[Records from a data source]
○ ○ ○ ○ ○ ○ ○

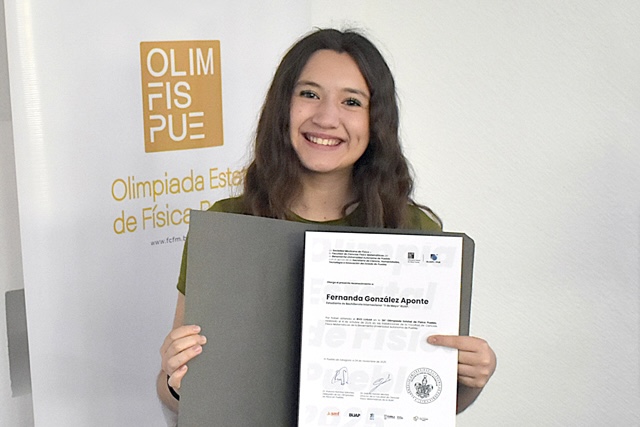 Estudiantes BUAP triunfan en olimpiadas estatales y nacionales de Física 2025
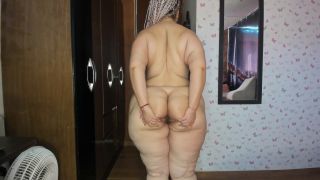 BBW Kristen Hill Shows Her Asshole  Spreading Wide-7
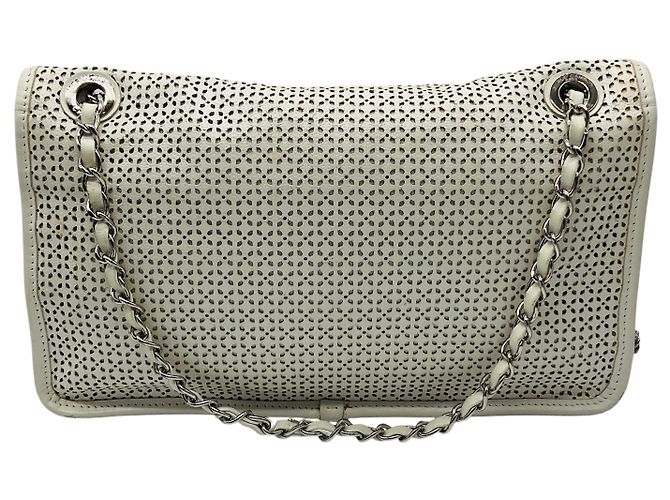 Borsa a tracolla Chanel in pelle perforata bianca Up In The Air con hardware argentato Bianco - vista 3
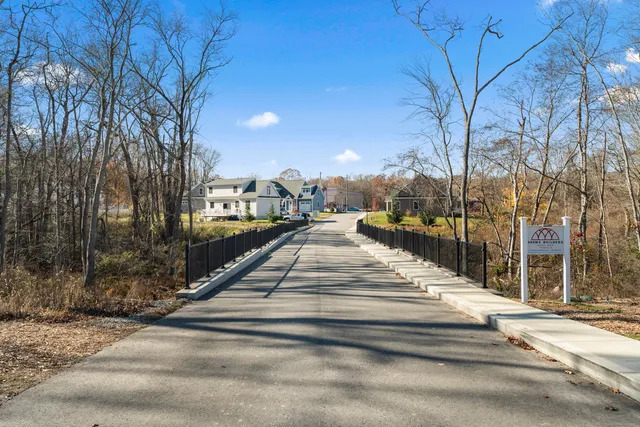 $599,000 | 34 Ivy Hill Road, Unit 34, Waterford, CT 06385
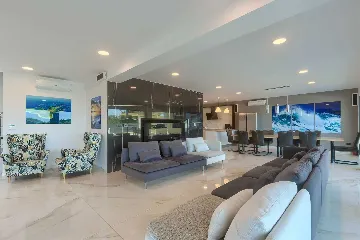 5-Bedroom Villa in Prematura for 10 Guests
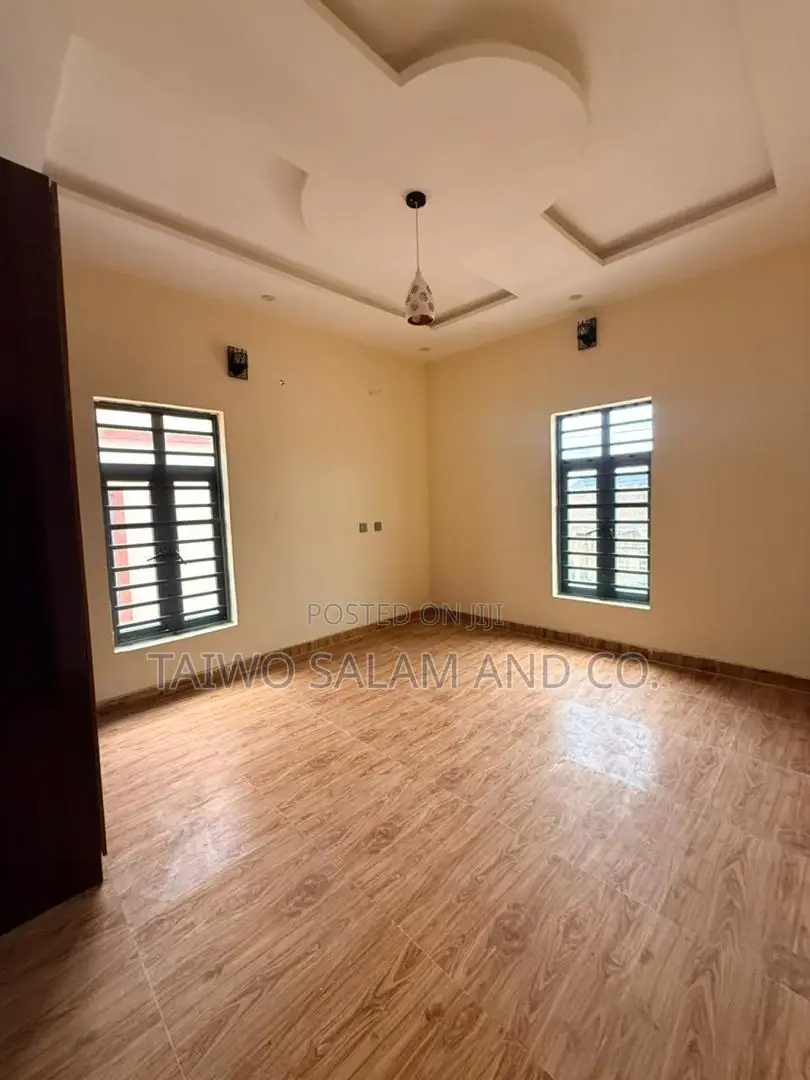 3bdrm Duplex in Egbeda / Egbeda for sale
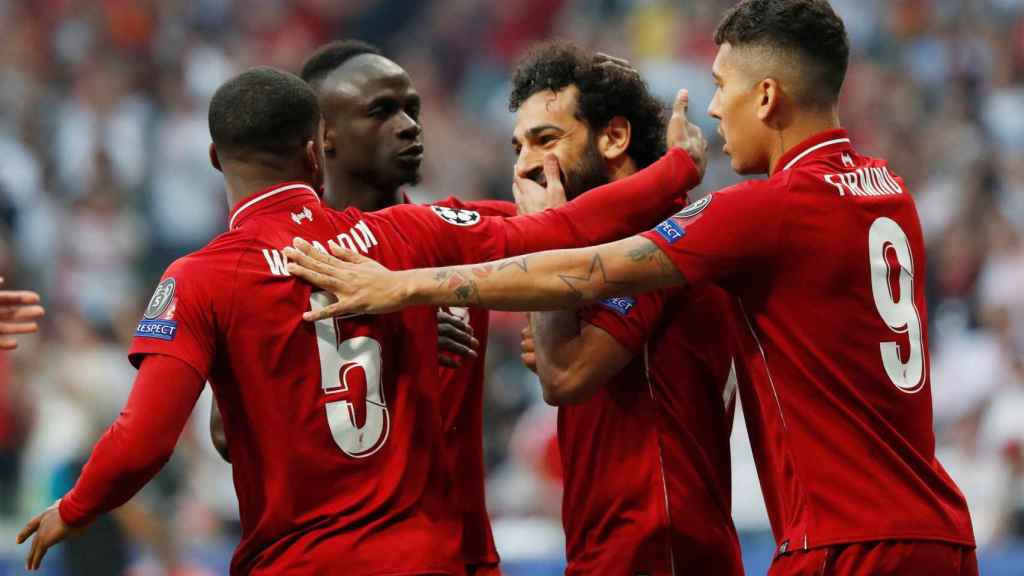 Los jugadores del Liverpool celebran el gol de Salah en la final de la Champions League 2018/2019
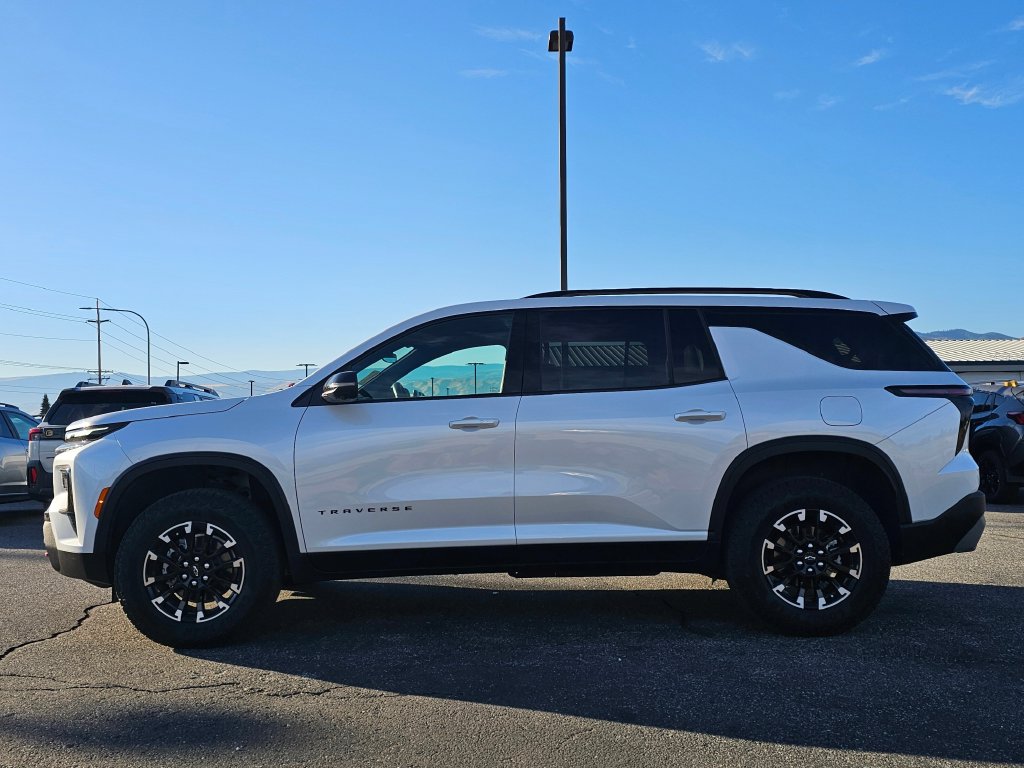 Chevrolet Traverse photo 2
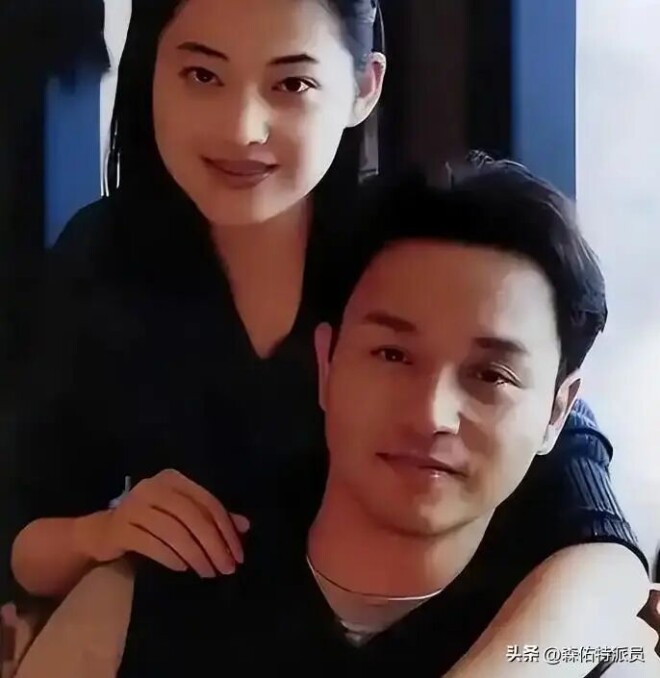 为娶小17岁的梅婷他抛下儿子与妻子离婚 如今（配图6）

○ ○ ○ ○ ○ ○ ○

- WHAT IS REQUIRED -
The lines from the one containing "5-Bedroom Villa in Prematura for 10 Guests" through the end of the data above are to be copied exactly, both ends included, and pictures are to be omitted.

- YOUR SOLUTION -
 5-Bedroom Villa in Prematura for 10 Guests
 3bdrm Duplex in Egbeda / Egbeda for sale
 Los jugadores del Liverpool celebran el gol de Salah en la final de la Champions League 2018/2019
 Chevrolet Traverse photo 2
 为娶小17岁的梅婷他抛下儿子与妻子离婚 如今（配图6）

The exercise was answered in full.